● **Supplied data**
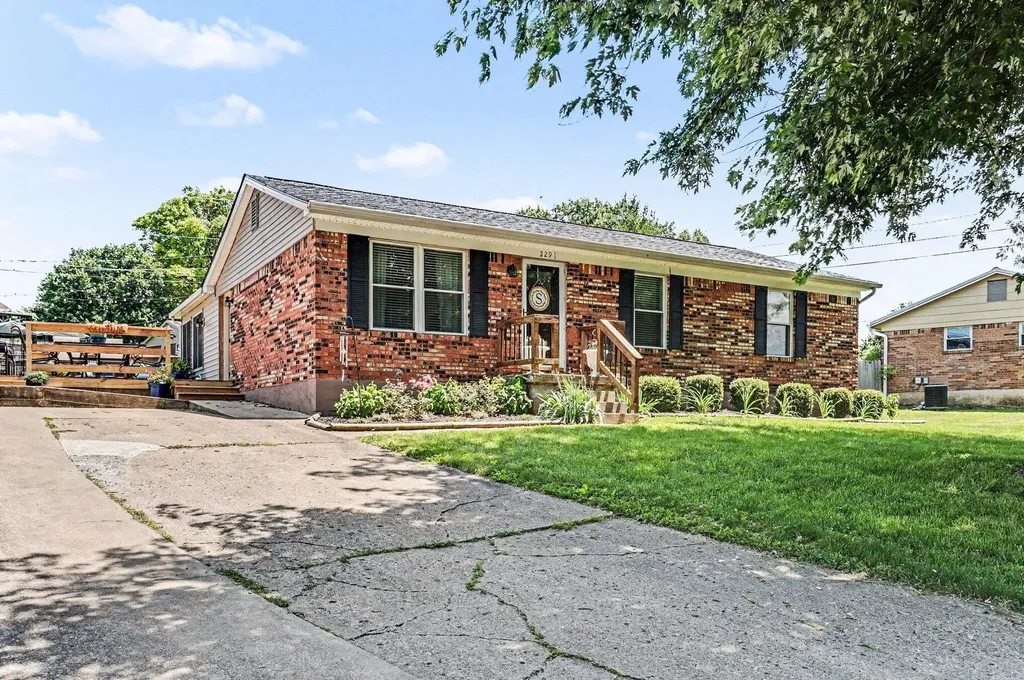 229 Hill N Dell Road Paris KY 40361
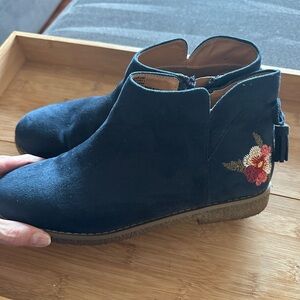 Comfortview Women's The Sienna Bootie Embroidered Navy Ankle Boots (Size 10W)
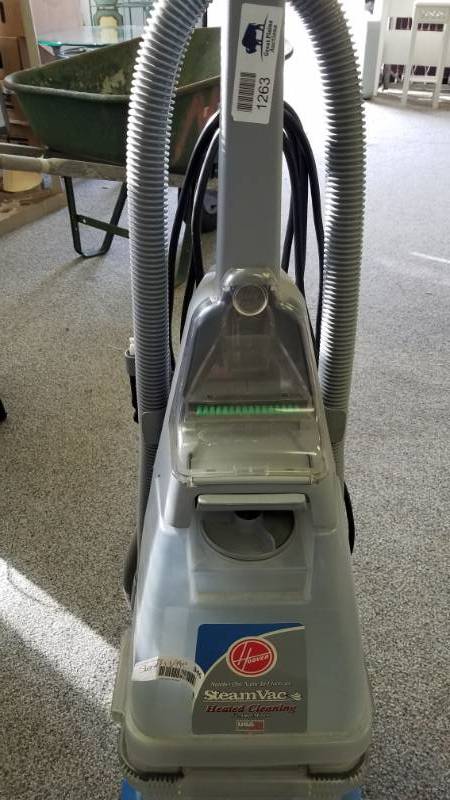 lot 1263 image: Hoover Steam Vac - Clean Your Own Carpet - These are Handy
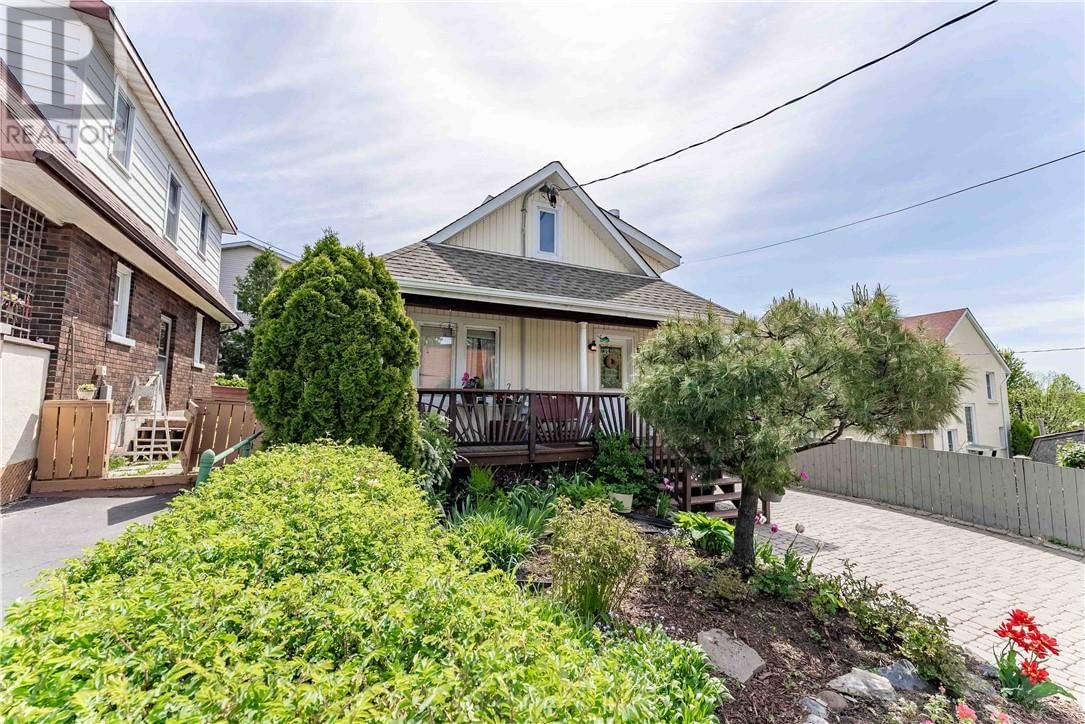 438 ANNIE STREET Image 3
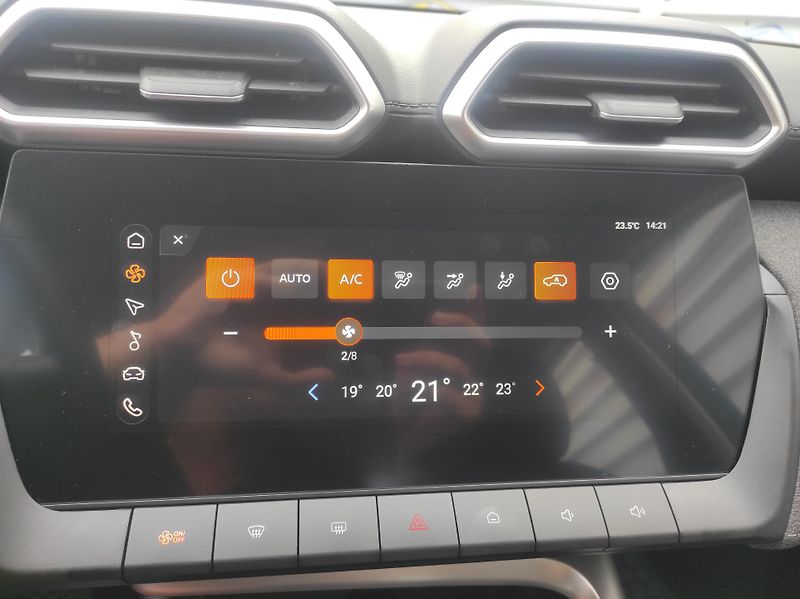 MG ZS 1,5 145kW Hybrid+ Essent AT TZ - fotka 22 z 41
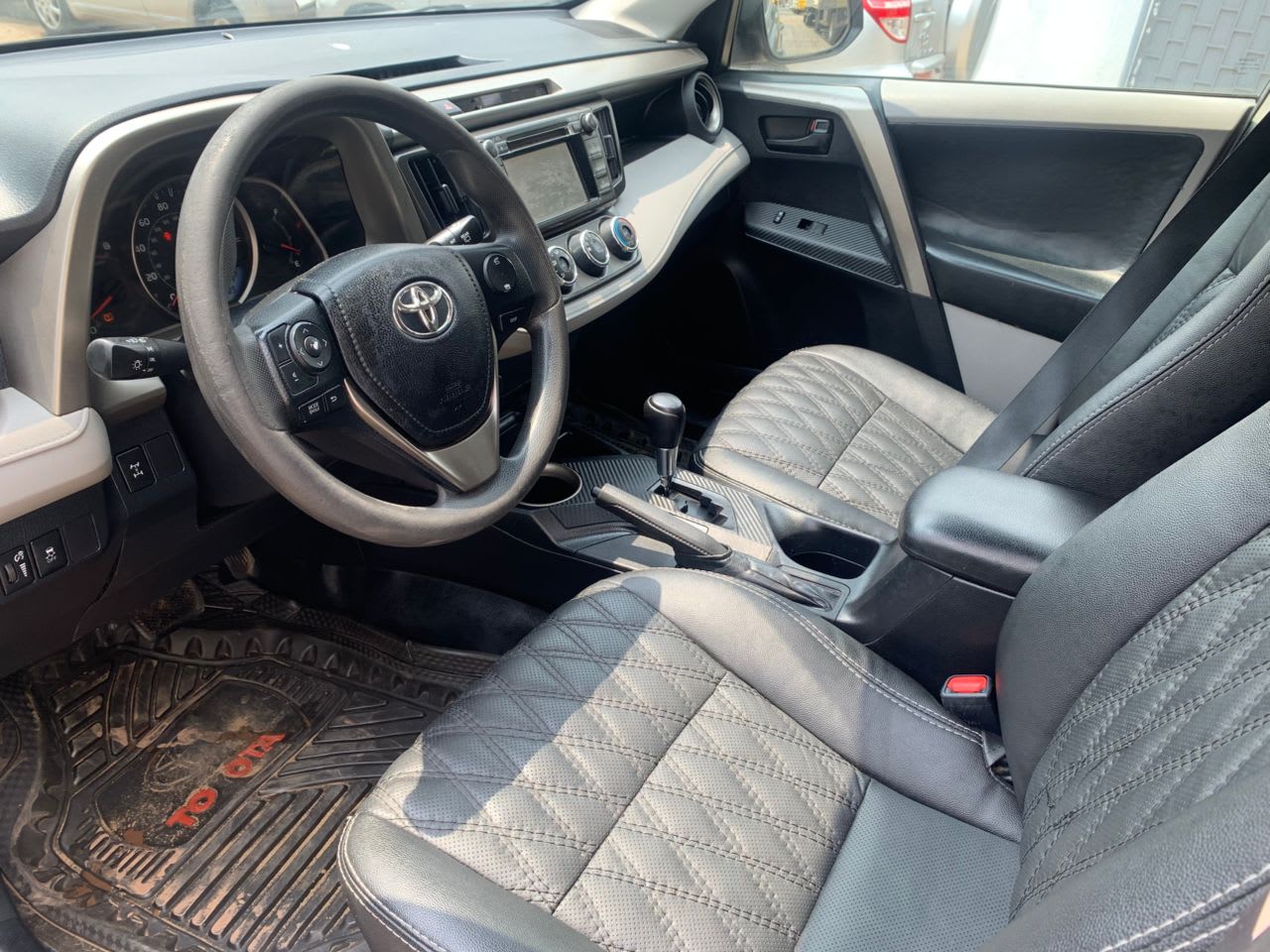 toyota rav4 - 6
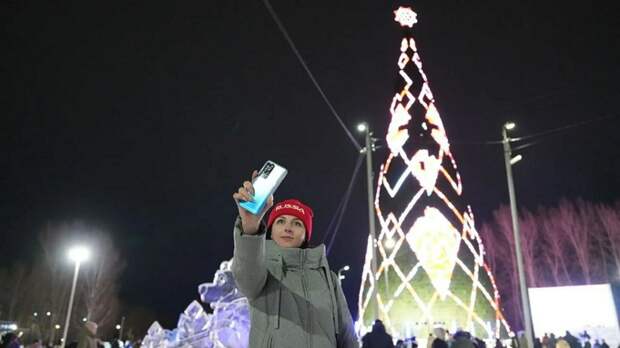 Самая высокая елка России и ледяной городок. Как украшен Красноярск к Новому году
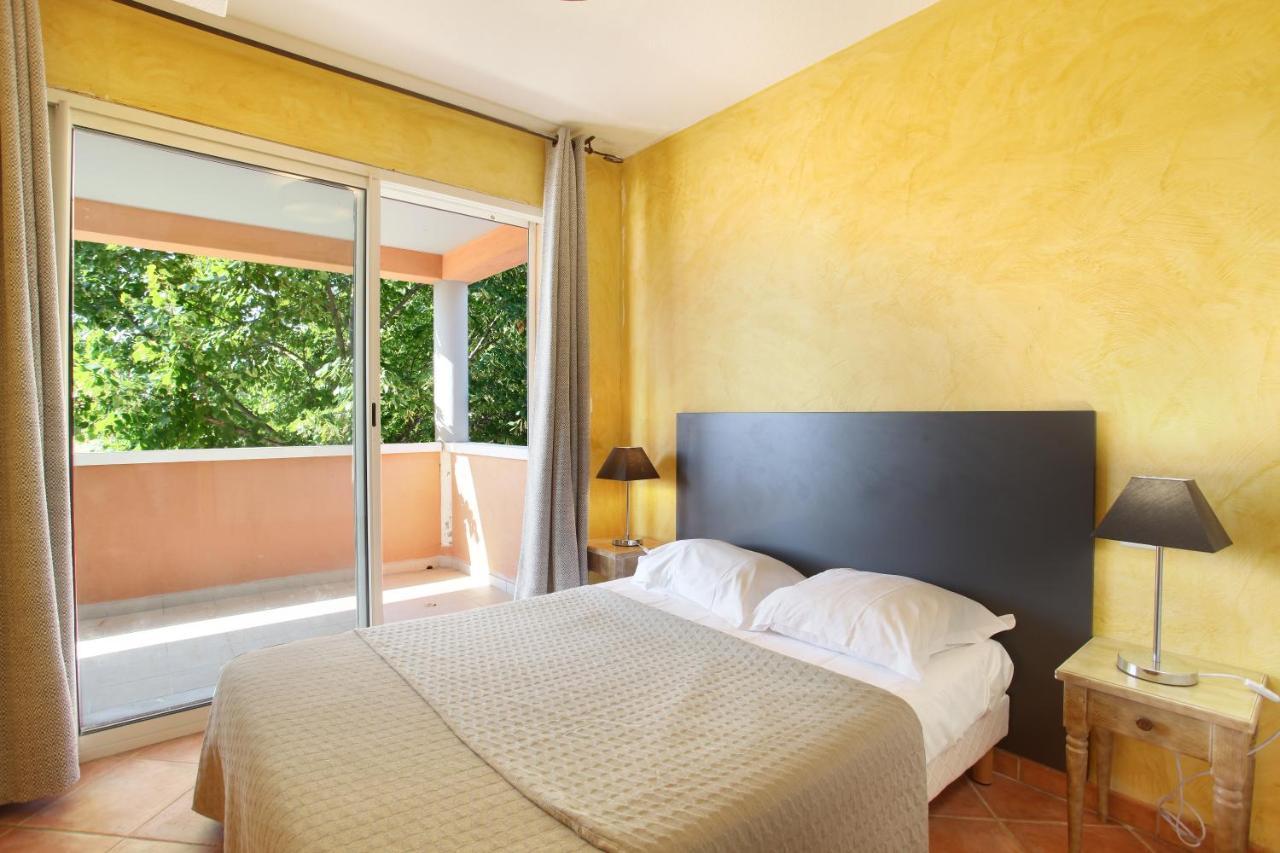 Residence Odalys La Licorne De Haute Provence Greoux-les-Bains Exterior photo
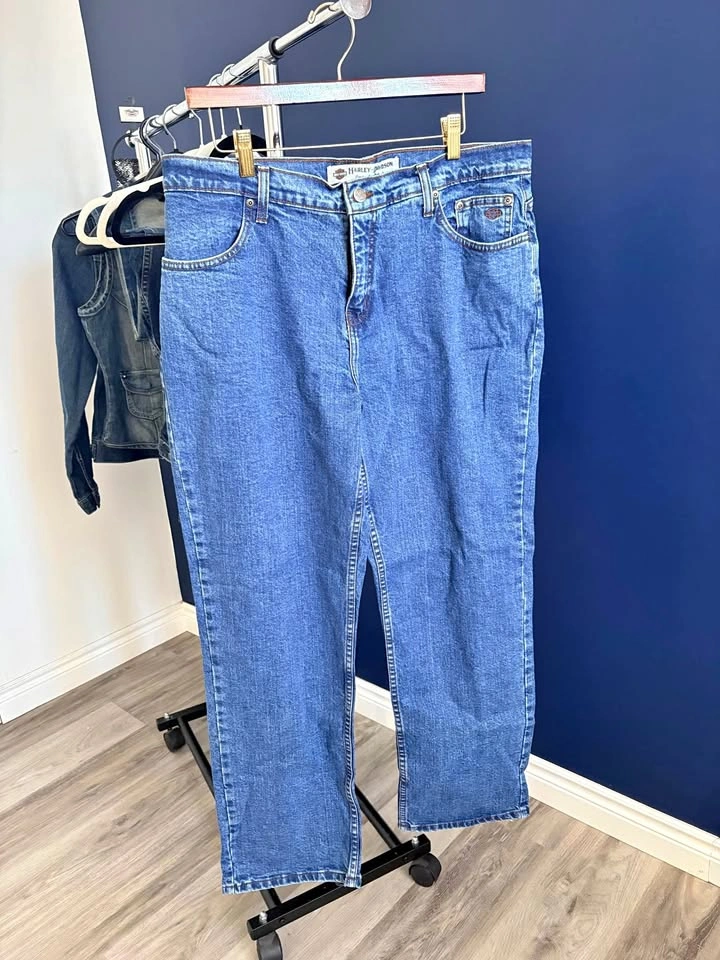 Harley-Davidson Women's Size 16 Petite Straight Leg Jeans
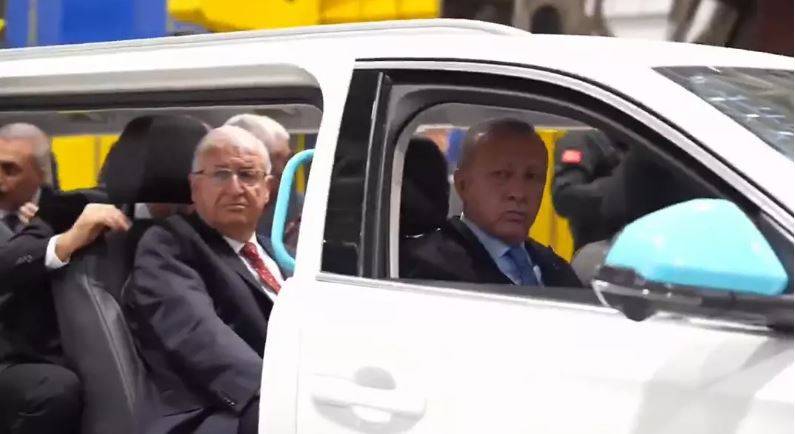 TOGG'un limuzin modeli ilk kez kullanıldı: Bakanlar ve Erdoğan içinde görüntülendi 1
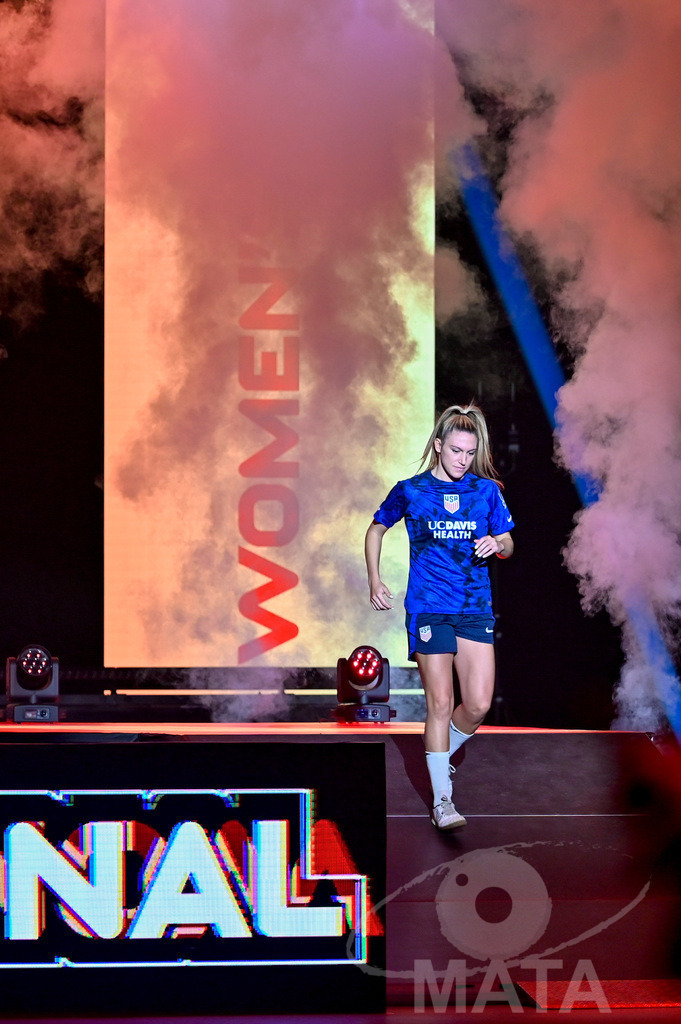_DWI5521 | Carolyn Greco (USA) beim Frauen- Single Ungarn vs. USA bei der Teqball Weltmeisterschaft 2022 in der Kia Metropole Arena. Nürnberg, 27.11.2022 - Realisiert mit Pictrs.com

● **Exercise requirements**
Give back an exact repeat of the lines from the top of the data through the line that holds "TOGG'un limuzin modeli", both included, and omit pictures.

● **Answer space**
 229 Hill N Dell Road Paris KY 40361
 Comfortview Women's The Sienna Bootie Embroidered Navy Ankle Boots (Size 10W)
 lot 1263 image: Hoover Steam Vac - Clean Your Own Carpet - These are Handy
 438 ANNIE STREET Image 3
 MG ZS 1,5 145kW Hybrid+ Essent AT TZ - fotka 22 z 41
 toyota rav4 - 6
 Самая высокая елка России и ледяной городок. Как украшен Красноярск к Новому году
 Residence Odalys La Licorne De Haute Provence Greoux-les-Bains Exterior photo
 Harley-Davidson Women's Size 16 Petite Straight Leg Jeans
 TOGG'un limuzin modeli ilk kez kullanıldı: Bakanlar ve Erdoğan içinde görüntülendi 1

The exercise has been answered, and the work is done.